▶ **WHAT TO WORK ON**
The task calls for the lines below from the line with "a rainbow flag is hanging from a house" to the line with "map of restaurants, bars, coffee", both ends included, copied exactly, without any pictures.

(EXERCISE MATERIALS begins)

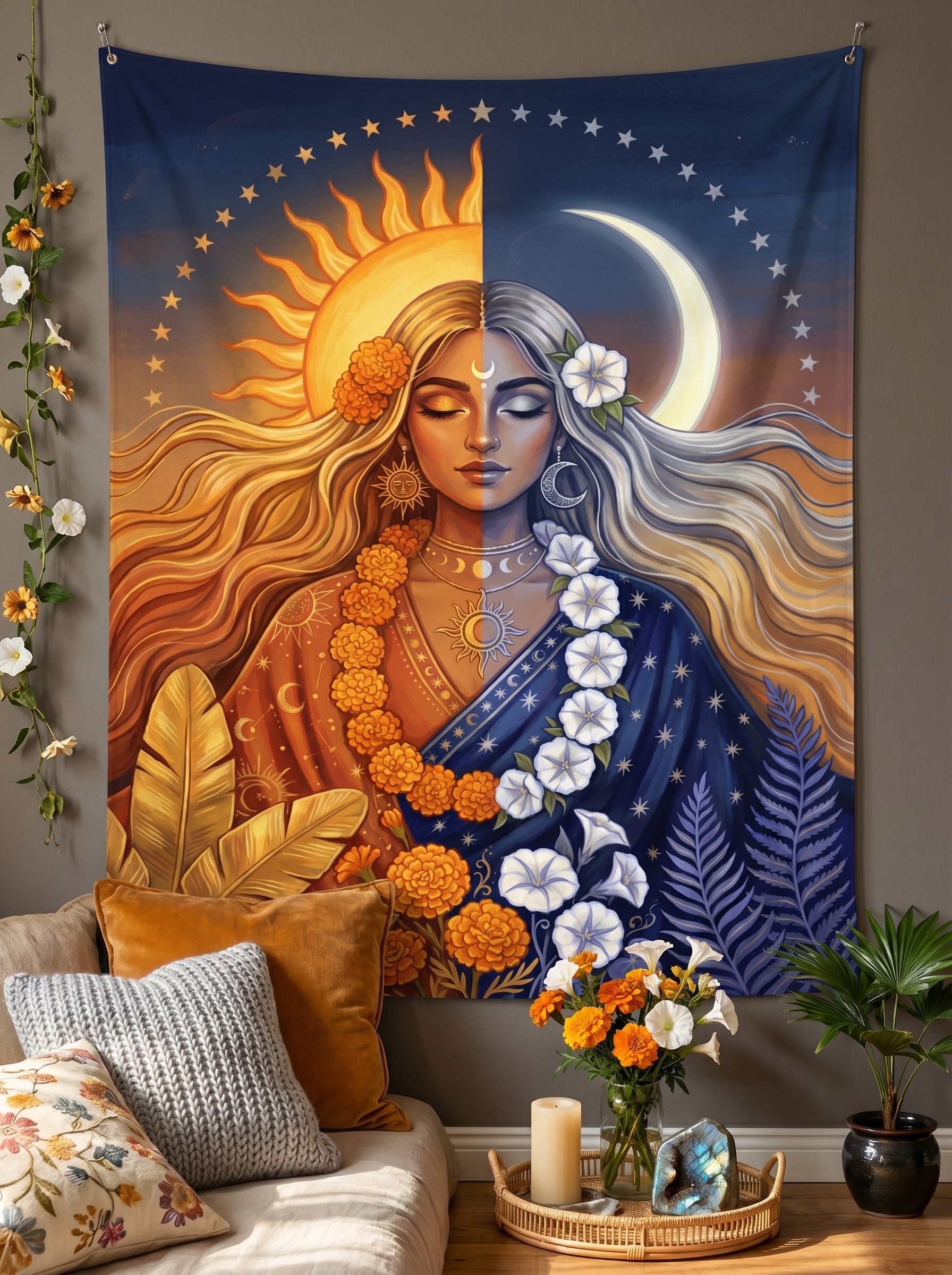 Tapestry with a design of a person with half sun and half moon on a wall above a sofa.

(EXERCISE MATERIALS ends)
(EXERCISE MATERIALS begins)

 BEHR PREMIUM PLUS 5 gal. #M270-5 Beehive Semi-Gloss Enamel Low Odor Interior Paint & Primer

(EXERCISE MATERIALS ends)
(EXERCISE MATERIALS begins)

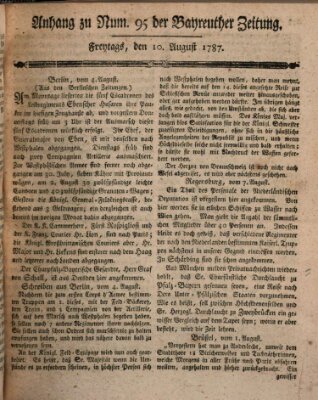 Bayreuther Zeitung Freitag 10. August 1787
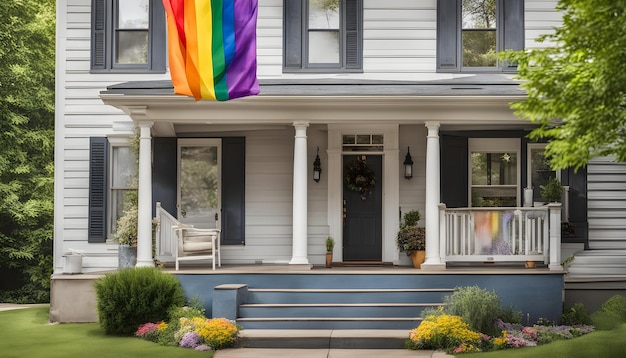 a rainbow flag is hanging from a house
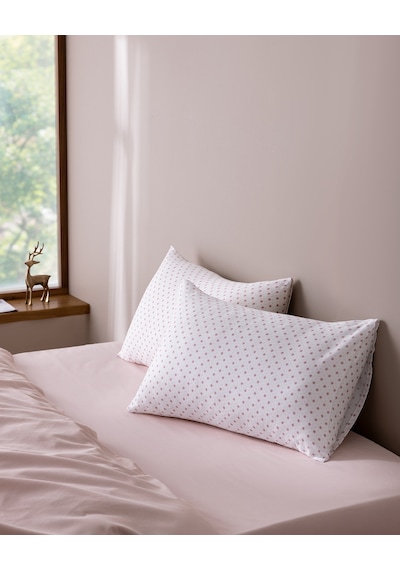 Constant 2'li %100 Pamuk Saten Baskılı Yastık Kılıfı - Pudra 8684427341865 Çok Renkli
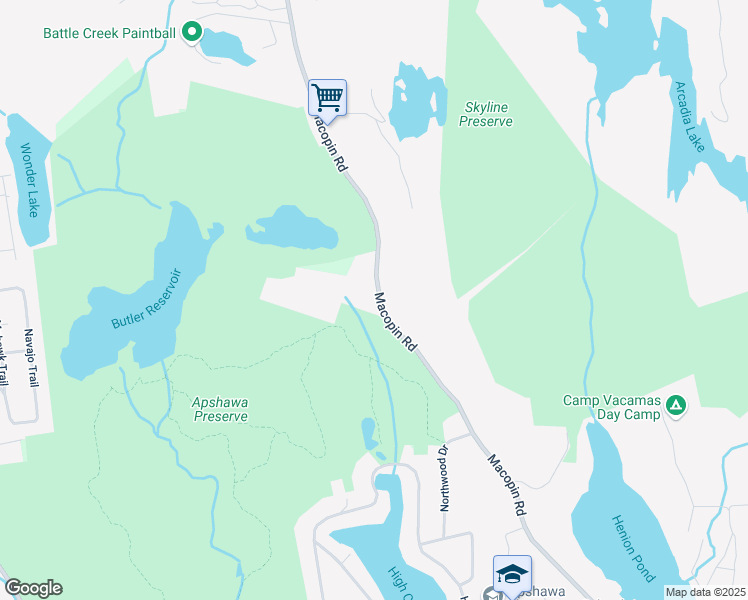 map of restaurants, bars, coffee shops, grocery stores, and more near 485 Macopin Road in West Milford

(EXERCISE MATERIALS ends)

▶ **WORKED SOLUTION**
 a rainbow flag is hanging from a house
 Constant 2'li %100 Pamuk Saten Baskılı Yastık Kılıfı - Pudra 8684427341865 Çok Renkli
 map of restaurants, bars, coffee shops, grocery stores, and more near 485 Macopin Road in West Milford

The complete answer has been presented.